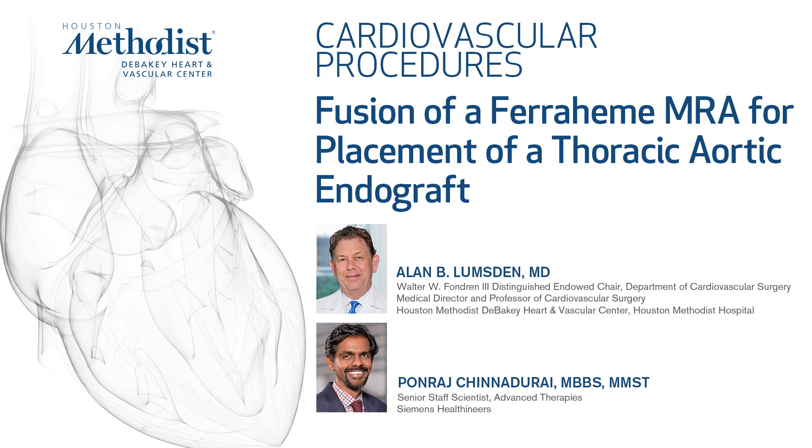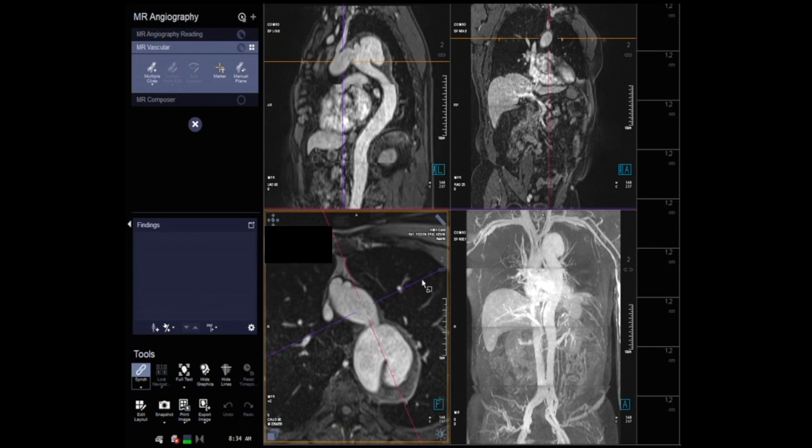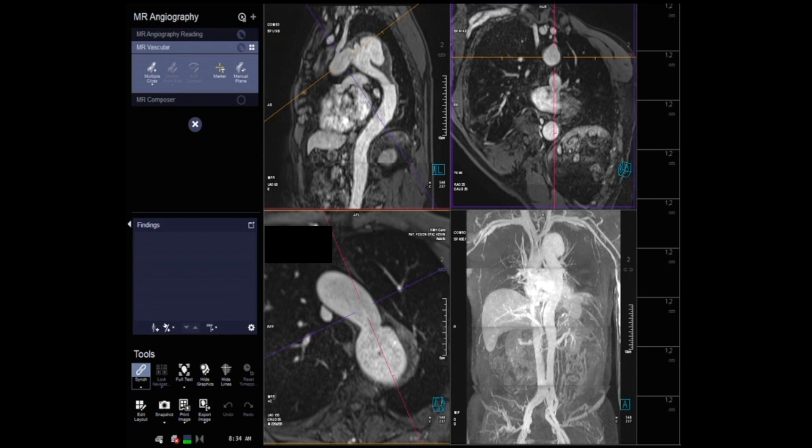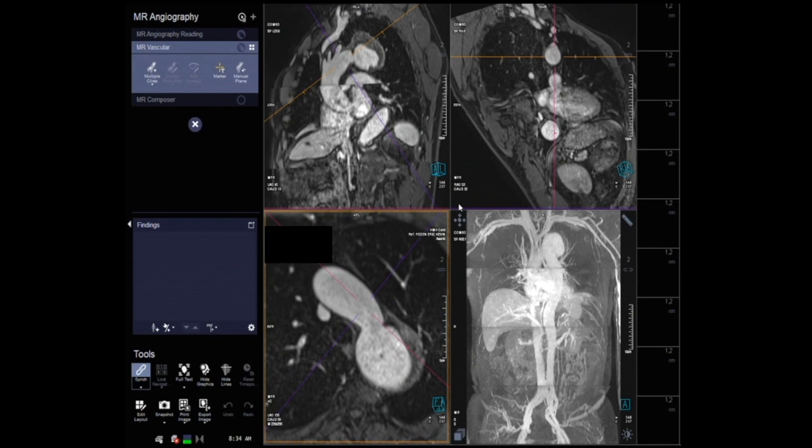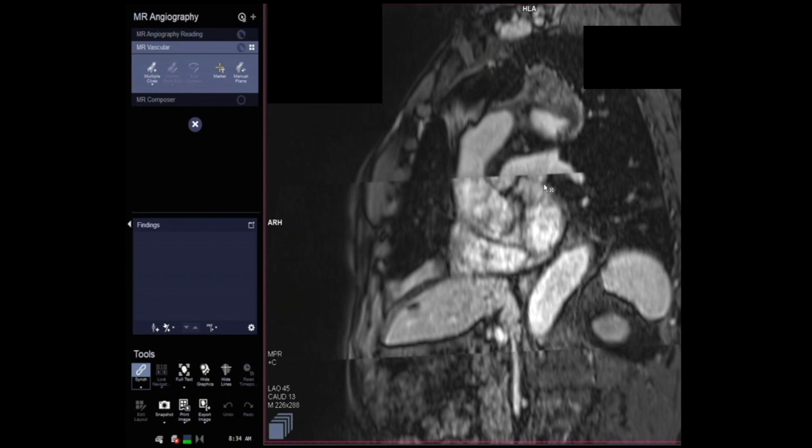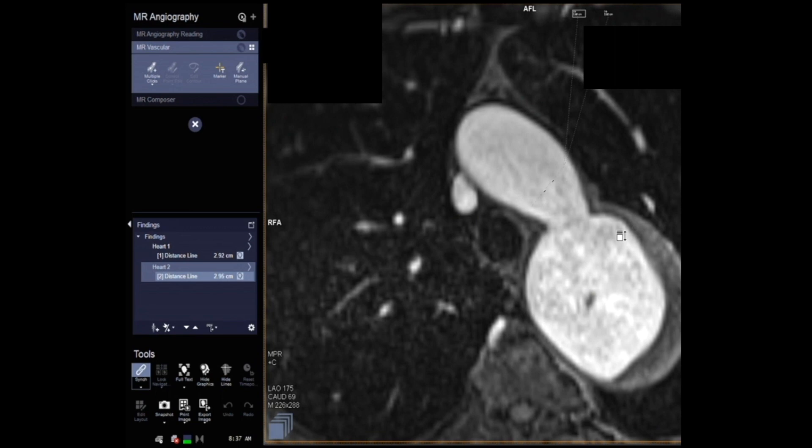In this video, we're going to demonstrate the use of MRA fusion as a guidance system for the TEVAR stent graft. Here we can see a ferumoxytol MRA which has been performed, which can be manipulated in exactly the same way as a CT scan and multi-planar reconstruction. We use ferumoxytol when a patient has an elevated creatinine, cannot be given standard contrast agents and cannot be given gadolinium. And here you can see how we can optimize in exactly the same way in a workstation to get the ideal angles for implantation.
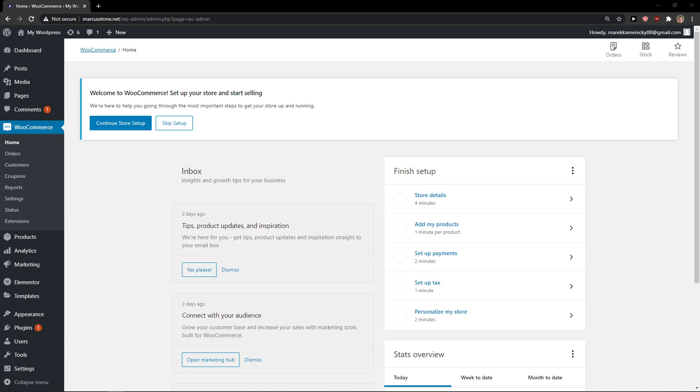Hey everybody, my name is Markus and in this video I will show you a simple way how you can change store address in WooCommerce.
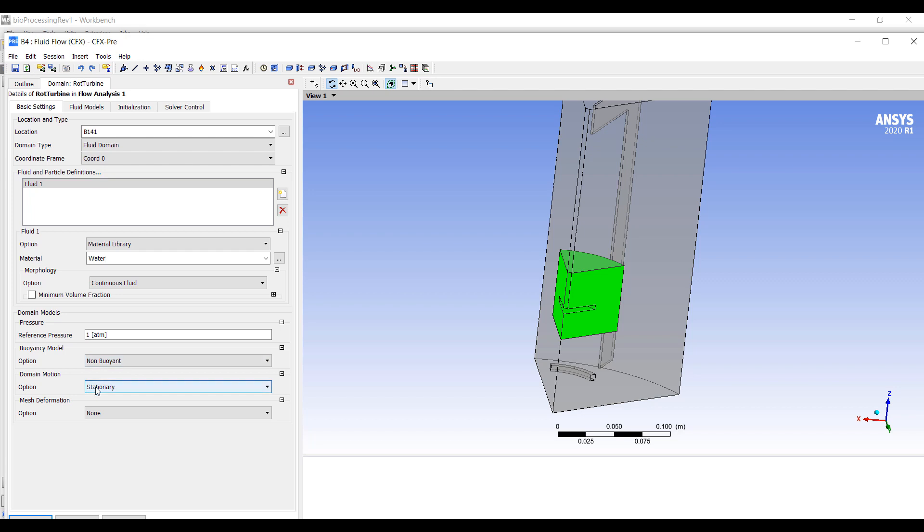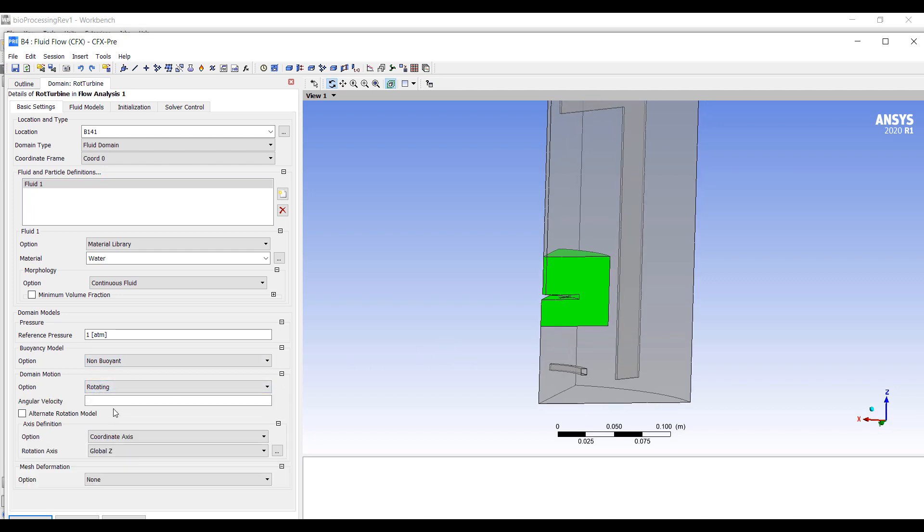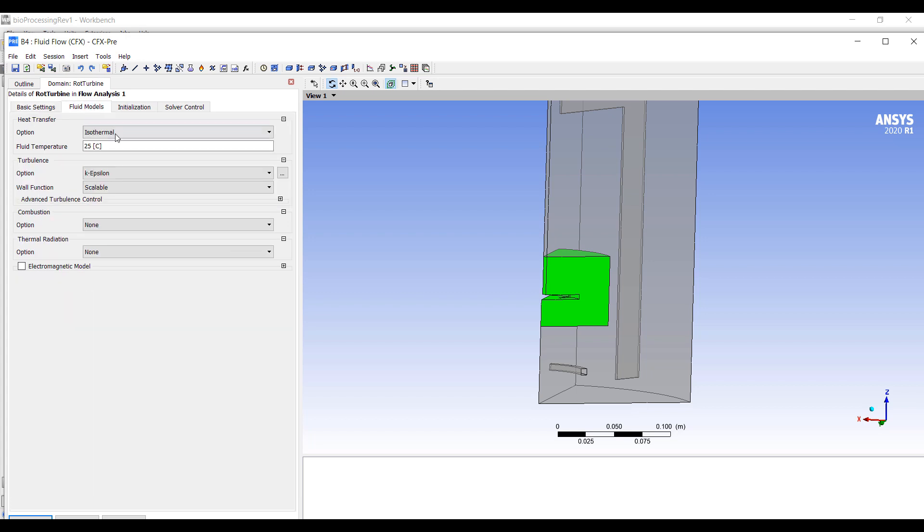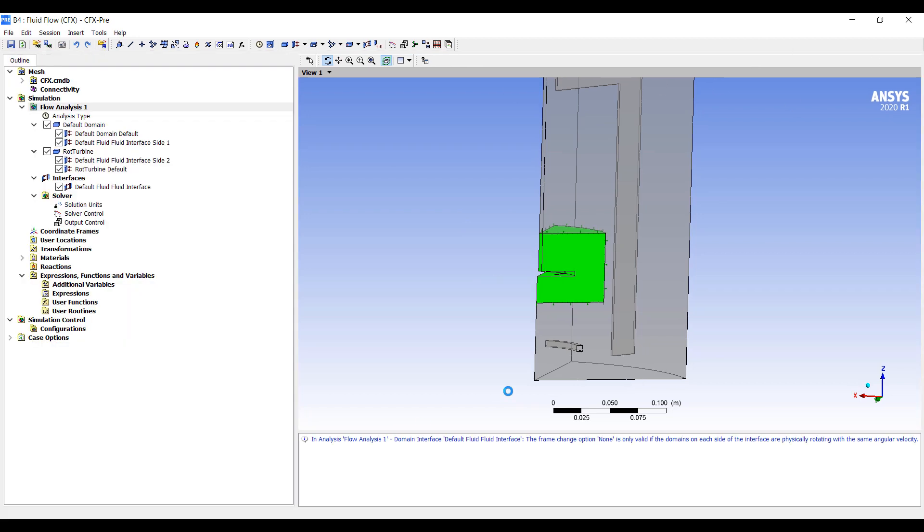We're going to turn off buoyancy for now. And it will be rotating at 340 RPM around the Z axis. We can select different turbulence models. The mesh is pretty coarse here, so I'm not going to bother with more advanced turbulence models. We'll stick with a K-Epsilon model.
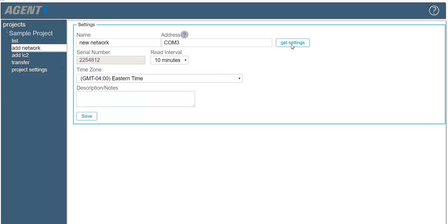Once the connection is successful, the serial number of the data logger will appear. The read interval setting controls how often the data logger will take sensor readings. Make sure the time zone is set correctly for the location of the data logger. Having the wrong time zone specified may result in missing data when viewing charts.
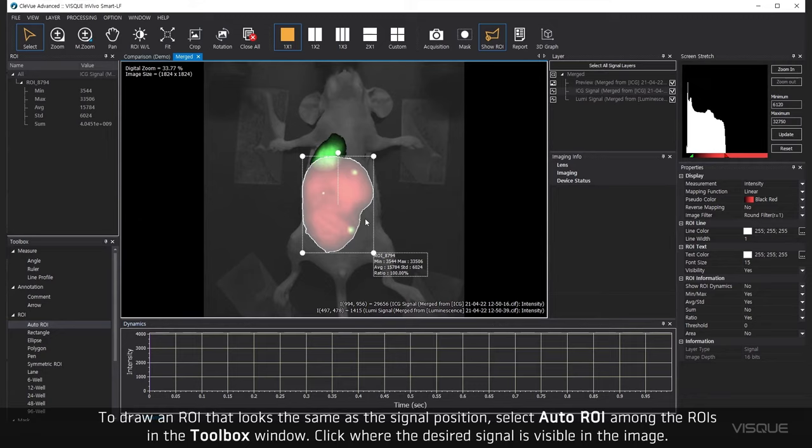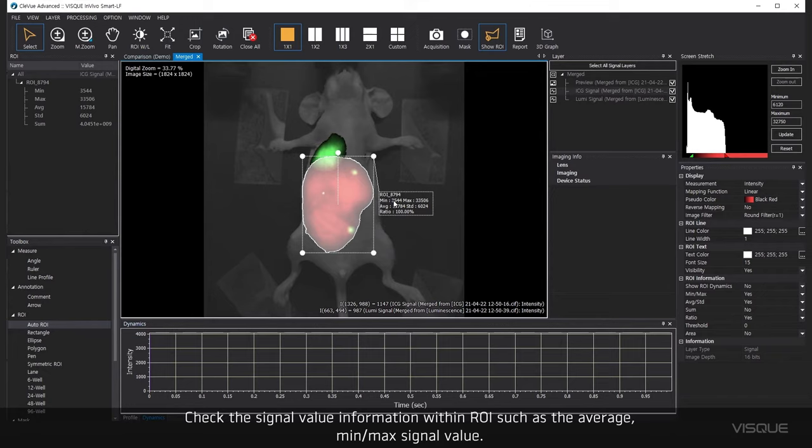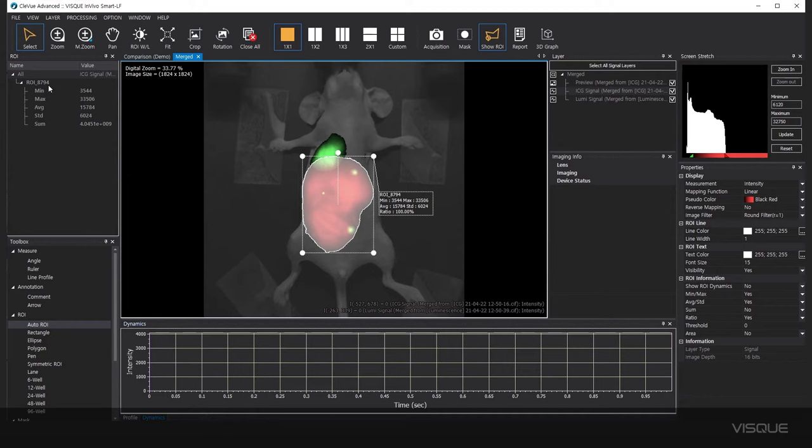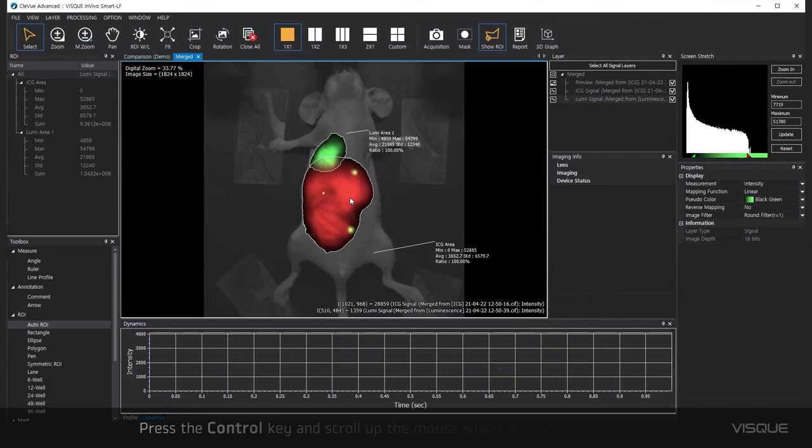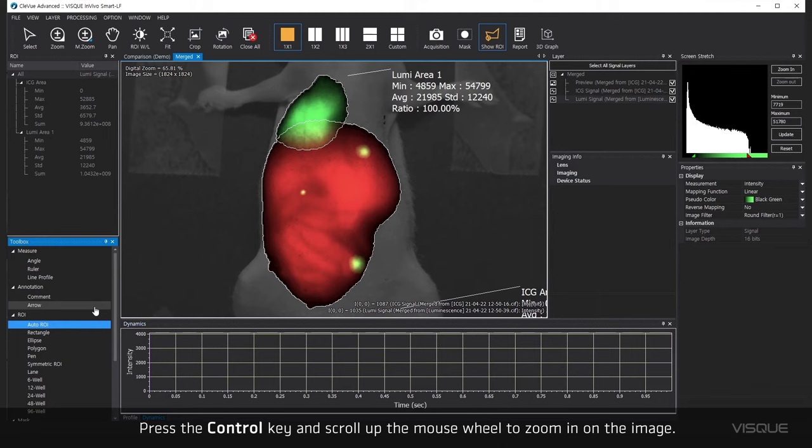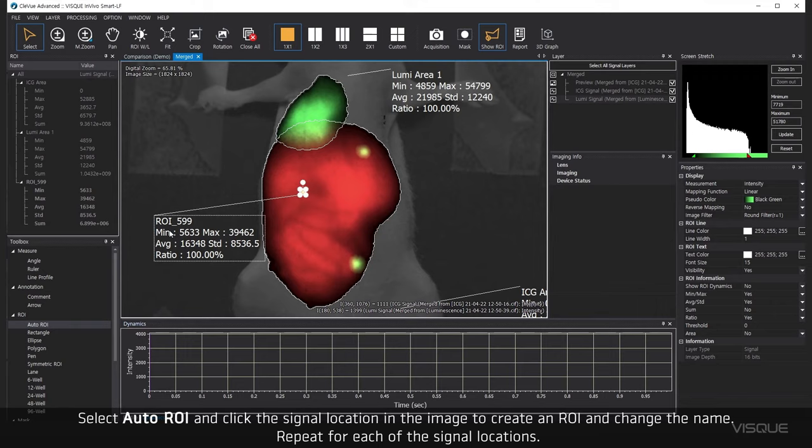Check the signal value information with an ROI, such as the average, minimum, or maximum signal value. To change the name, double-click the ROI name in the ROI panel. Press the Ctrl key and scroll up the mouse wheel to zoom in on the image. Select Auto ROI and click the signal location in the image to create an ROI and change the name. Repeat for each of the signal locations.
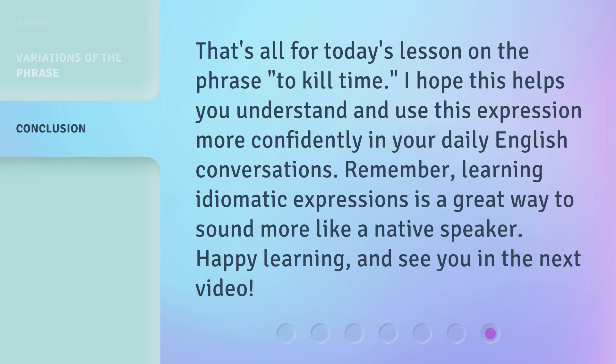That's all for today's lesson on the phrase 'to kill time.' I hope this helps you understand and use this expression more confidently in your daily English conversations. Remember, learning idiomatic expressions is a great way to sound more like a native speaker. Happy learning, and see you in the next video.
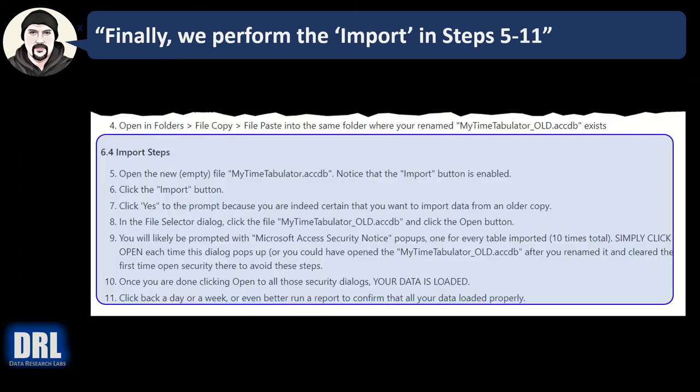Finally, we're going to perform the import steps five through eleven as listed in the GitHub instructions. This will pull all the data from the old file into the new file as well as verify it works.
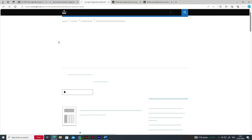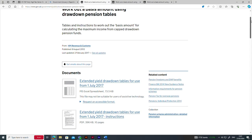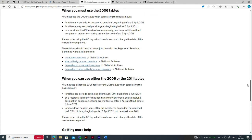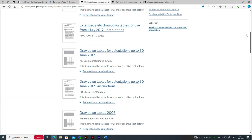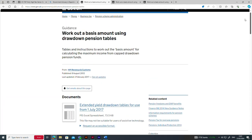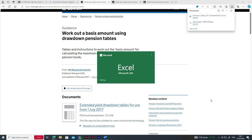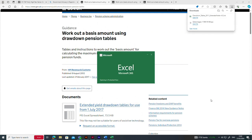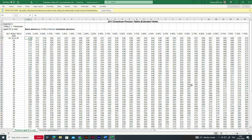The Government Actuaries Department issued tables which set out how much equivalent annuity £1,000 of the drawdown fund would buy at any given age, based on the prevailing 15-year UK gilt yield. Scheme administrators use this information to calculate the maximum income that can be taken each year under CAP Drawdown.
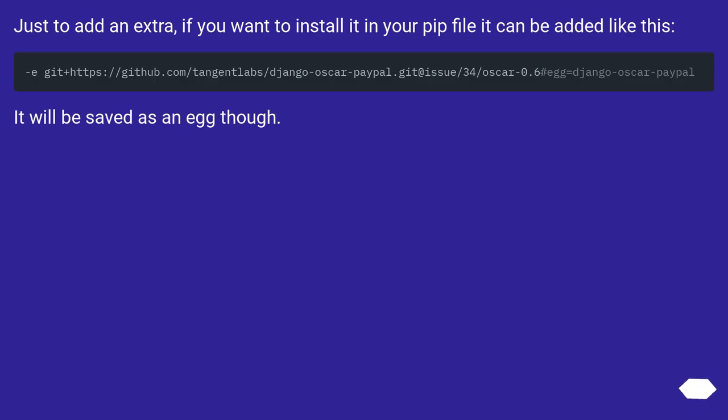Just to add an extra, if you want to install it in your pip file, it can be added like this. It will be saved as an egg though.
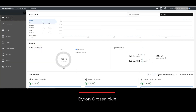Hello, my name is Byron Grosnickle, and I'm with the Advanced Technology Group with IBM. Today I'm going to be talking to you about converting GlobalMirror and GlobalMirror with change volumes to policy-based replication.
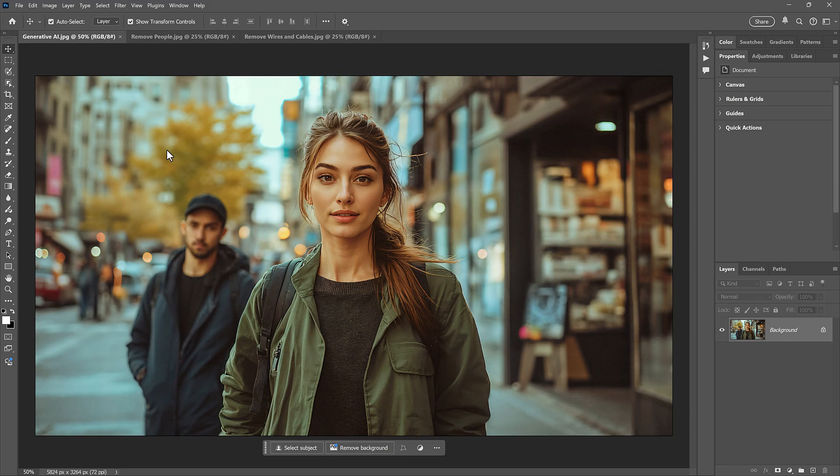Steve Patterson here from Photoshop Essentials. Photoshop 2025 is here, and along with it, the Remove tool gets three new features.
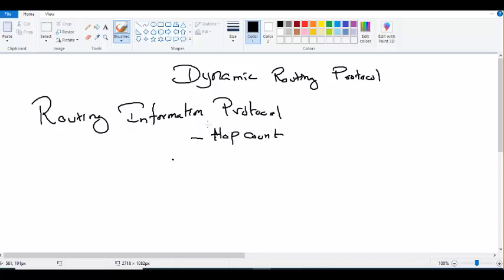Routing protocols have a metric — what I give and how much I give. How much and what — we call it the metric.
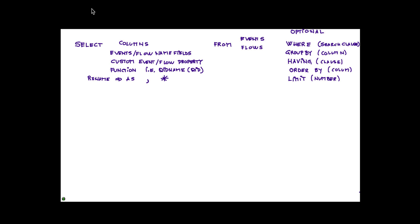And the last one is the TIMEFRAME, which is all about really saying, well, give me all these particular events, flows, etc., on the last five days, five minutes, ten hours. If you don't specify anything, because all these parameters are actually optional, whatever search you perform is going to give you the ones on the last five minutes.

→ **Assigned task**:
Set down all of the material word for word, but keep each picture out.

→ **Task solution**:
In this video, we're going to demonstrate the use of MRA fusion as a guidance system for the TEVAR stent graft. Here we can see a ferumoxytol MRA which has been performed, which can be manipulated in exactly the same way as a CT scan and multi-planar reconstruction. We use ferumoxytol when a patient has an elevated creatinine, cannot be given standard contrast agents and cannot be given gadolinium. And here you can see how we can optimize in exactly the same way in a workstation to get the ideal angles for implantation.
Hey everybody, my name is Markus and in this video I will show you a simple way how you can change store address in WooCommerce.
We're going to turn off buoyancy for now. And it will be rotating at 340 RPM around the Z axis. We can select different turbulence models. The mesh is pretty coarse here, so I'm not going to bother with more advanced turbulence models. We'll stick with a K-Epsilon model.
Once the connection is successful, the serial number of the data logger will appear. The read interval setting controls how often the data logger will take sensor readings. Make sure the time zone is set correctly for the location of the data logger. Having the wrong time zone specified may result in missing data when viewing charts.
Check the signal value information with an ROI, such as the average, minimum, or maximum signal value. To change the name, double-click the ROI name in the ROI panel. Press the Ctrl key and scroll up the mouse wheel to zoom in on the image. Select Auto ROI and click the signal location in the image to create an ROI and change the name. Repeat for each of the signal locations.
That's all for today's lesson on the phrase 'to kill time.' I hope this helps you understand and use this expression more confidently in your daily English conversations. Remember, learning idiomatic expressions is a great way to sound more like a native speaker. Happy learning, and see you in the next video.
Finally, we're going to perform the import steps five through eleven as listed in the GitHub instructions. This will pull all the data from the old file into the new file as well as verify it works.
The Government Actuaries Department issued tables which set out how much equivalent annuity £1,000 of the drawdown fund would buy at any given age, based on the prevailing 15-year UK gilt yield. Scheme administrators use this information to calculate the maximum income that can be taken each year under CAP Drawdown.
Just to add an extra, if you want to install it in your pip file, it can be added like this. It will be saved as an egg though.
Hello, my name is Byron Grosnickle, and I'm with the Advanced Technology Group with IBM. Today I'm going to be talking to you about converting GlobalMirror and GlobalMirror with change volumes to policy-based replication.
Steve Patterson here from Photoshop Essentials. Photoshop 2025 is here, and along with it, the Remove tool gets three new features.
Routing protocols have a metric — what I give and how much I give. How much and what — we call it the metric.
And the last one is the TIMEFRAME, which is all about really saying, well, give me all these particular events, flows, etc., on the last five days, five minutes, ten hours. If you don't specify anything, because all these parameters are actually optional, whatever search you perform is going to give you the ones on the last five minutes.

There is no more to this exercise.